From a business standpoint though, there are a few main reasons:

–Data pipelines are well modeled as functions: they take a few input datasets, return a few outputs at the end, and do a ton of processing in between

–FP idioms generally make parallelization easier, and this is very important for the datasets we're dealing with

–A strong type system like Scala's lets us prevent many runtime errors, which is quite important when your pipelines can take several hours

–It's fairly trivial to wrap a statistical/ML algorithm in a pure functional interface, even if the algorithm itself is imperative

2 comments

Have you had performance issues getting things to conform to functional paradigms?

For example i've found that as a pipeline gets optimized for production use it needs to preallocate all of its output space and then modify things in at each step (like a one hot encoder flipping a few bits in specific rows of a zeroed array instead of allocating new ones and copying them in).

I find it difficult to reconcile this sort of code with a "pure functions without side effects" philosophy and still have it perform an an acceptable level.

We're mostly doing ETL on large datasets, so the code needs to parallelize well, but beyond that performance isn't really a big concern.

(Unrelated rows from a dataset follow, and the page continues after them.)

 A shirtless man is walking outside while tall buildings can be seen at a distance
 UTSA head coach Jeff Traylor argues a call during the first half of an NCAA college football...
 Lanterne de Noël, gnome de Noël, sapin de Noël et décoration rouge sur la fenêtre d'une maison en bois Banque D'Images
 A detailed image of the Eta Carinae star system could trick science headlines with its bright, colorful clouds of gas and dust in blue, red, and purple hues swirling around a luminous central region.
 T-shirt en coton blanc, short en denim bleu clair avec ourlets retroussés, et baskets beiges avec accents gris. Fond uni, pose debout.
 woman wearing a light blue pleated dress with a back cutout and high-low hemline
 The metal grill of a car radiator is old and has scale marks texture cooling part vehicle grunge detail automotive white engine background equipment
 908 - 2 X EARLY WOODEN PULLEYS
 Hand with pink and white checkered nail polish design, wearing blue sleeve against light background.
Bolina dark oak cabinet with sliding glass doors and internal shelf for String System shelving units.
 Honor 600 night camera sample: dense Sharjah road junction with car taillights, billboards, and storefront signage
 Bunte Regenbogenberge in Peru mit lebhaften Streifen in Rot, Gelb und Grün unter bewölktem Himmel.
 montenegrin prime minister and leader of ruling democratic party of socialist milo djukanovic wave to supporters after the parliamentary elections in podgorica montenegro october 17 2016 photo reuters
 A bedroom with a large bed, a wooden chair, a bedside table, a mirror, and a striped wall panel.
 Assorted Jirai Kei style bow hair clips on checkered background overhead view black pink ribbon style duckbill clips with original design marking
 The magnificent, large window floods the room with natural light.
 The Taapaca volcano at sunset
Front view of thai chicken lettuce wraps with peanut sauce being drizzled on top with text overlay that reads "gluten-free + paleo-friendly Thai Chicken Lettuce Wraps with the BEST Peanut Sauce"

We use ML in research, but no models in production, because the costs of increased maintenance/lost transparency generally outweigh the benefits in our use case.

In jobs that were heavy on ML, I would use high-performance tools for the models (imperative code, numeric computing packages etc.) and functional code for the ETL, which worked pretty well–no need to be dogmatic about it, a 70% pure codebase is still generally easier to reason about than a 20% pure codebase.

Interesting I will have to have a proper look at Scala when I get my baby cluster up and running.